4. Emitterend oppervlak mestkanaal
Het emitterend oppervlak van het mestkanaal is groter dan 0,07 m², maar kleiner dan 0,10 m² per dierplaats.
5. Waarborg emitterend oppervlak
- Bij toepassing schuine wand(en) in het mestkanaal is een overloop aanwezig.
- De uitvoering van de overloop is volgens hoofdstuk 'Overloop in mestkanalen' uit technisch informatiedocument ‘Afvoersystemen voor de varkenshouderij’.
6. Aflaat kanalen
- De diameter van de afvoeropeningen is minimaal 150 mm, bij mestpannen is dit minimaal 110 mm.
- De diameter van de afvoerleiding is minimaal 200 mm.
- Er is een aflaat waterkanaal aanwezig. De uitvoering is volgens hoofdstuk 'aflaat waterkanaal' uit technisch informatiedocument ‘Afvoersystemen voor de varkenshouderij’.
- Er is een rioolsysteem voor de aflaat mestkanaal, uitvoering volgens hoofdstuk 'rioolsysteem' uit technisch informatiedocument ‘Afvoersystemen voor de varkenshouderij’.

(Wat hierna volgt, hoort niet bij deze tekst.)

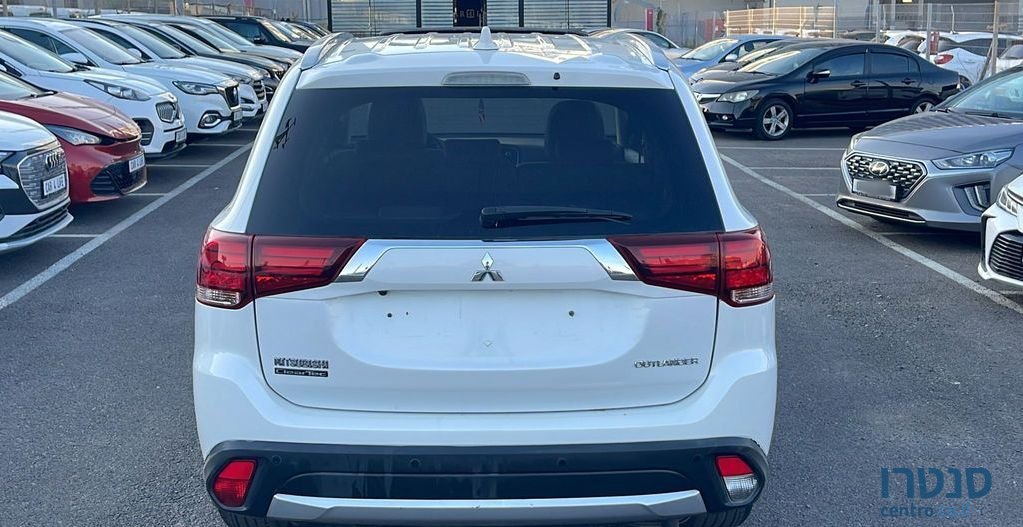 2017' Mitsubishi Outlander מיצובישי אאוטלנדר photo #4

De technische uitvoering van het systeem: technische voorzieningen
1. Voersysteem
Het voersysteem is geplaatst boven de dichte vloer en / of het waterkanaal.
Gebruikseisen systeem
- Groepsgrootte
- Aflaatfrequentie mestkanaal
- Overloop
- Reiniging schuine wanden in het mestkanaal
- Afhaalfrequentie waterkanaal
- Waterniveau waterkanaal
1. Groepsgrootte
Kleine groepen (minder dan 30 gespeende biggenplaatsen per groep).
2. Aflaatfrequentie mestkanaal
- In ieder geval na afloop van elke productieronde en, indien van toepassing, tijdens de productieronde bij het bereiken van het maximaal toegestane emitterend oppervlak
- Het afvoeren van de mest gaat frequent en restloos.
3. Overloop
Is een noodvoorziening, dit mag niet permanent als mestafvoerleiding functioneren.

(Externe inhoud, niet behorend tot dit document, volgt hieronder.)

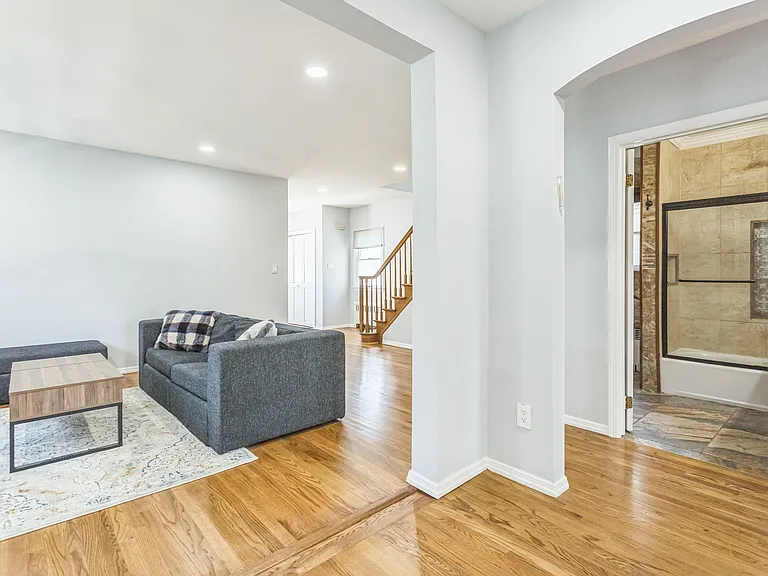 55 West Ave — Photo 9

4. Reiniging schuine wand(en) in het mestkanaal (indien aanwezig)
De reiniging van schuine wanden gebeurt na afloop van elke productieronde.
5. Aflaatfrequentie waterkanaal (indien aanwezig)
Aflaten van het waterkanaal gebeurt na afloop van elke productieronde.
6. Waterniveau waterkanaal (indien aanwezig)
Het waterniveau is minimaal 50mm na reiniging van het kanaal en voor aanvang van een nieuwe productieronde.
Meetrapporten
Proefverslag P 1.207 van ASG (www.pv.wur.nl).
Afbeeldingen
Let op: deze afbeeldingen voldoen niet aan de eisen voor digitale toegankelijkheid. Ervaart u hierdoor problemen? Neem dan contact met ons op voor een passende oplossing.
Vorige versie
Beschrijving BWL 2004.06.V2 van september 2013.